Keynote Address
Inventing the Medium: Learning and Symbolic Expression from Knucklebones and Senet to Second Life and Spore
The talk will cover the expressive possibilities of the new digital medium, how it relates to the origins of human cognition and culture. Innovative design in digital media draws on processes that harken back to the earliest human inventions of games, story-telling, and symbolic expression. Like other media innovations—language, print, moving images—a new medium of expression changes the way we understand the world, and has the potential for making us smarter and more empathetic with one another. What are the emerging formats and genres that hold the most promise for the developing digital medium? I will attempt to answer that question with illustrations from Georgia Tech projects for studying film, history, and engineering.
Biography
Janet H. Murray is Professor and Director of the Graduate Program in Digital Media at Georgia Tech. She came to Georgia Tech from MIT where she worked for over 25 years teaching humanities and leading educational computing projects. She holds a doctorate in English Literature from Harvard University.

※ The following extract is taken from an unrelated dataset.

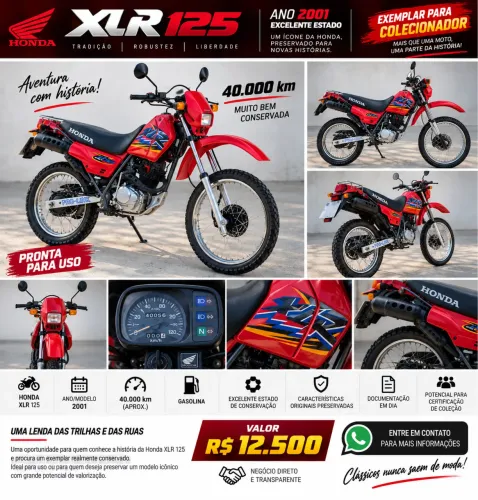 Honda XLR 125 2001 | 40.000 km | Muito Conservada | Colecionador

She is the author of Hamlet on the Holodeck: The Future of Narrative in Cyberspace and is currently working on a textbook, Inventing the Medium: Principles of Design for Digital Environments for MIT Press. Her most recent interactive projects include a digital critical edition of the Hollywood classic, Casablanca, sponsored by NEH and in partnership with the American Film Institute; a set of 3D exercises for learning Statics, a foundational Engineering course, sponsored by NSF; and a multiplayer game that explores the convergence of television story forms and mobile technologies, sponsored by Alcatel Lucent. She is a Trustee of the American Film Institute and a member of the Board for the George Foster Peabody Award.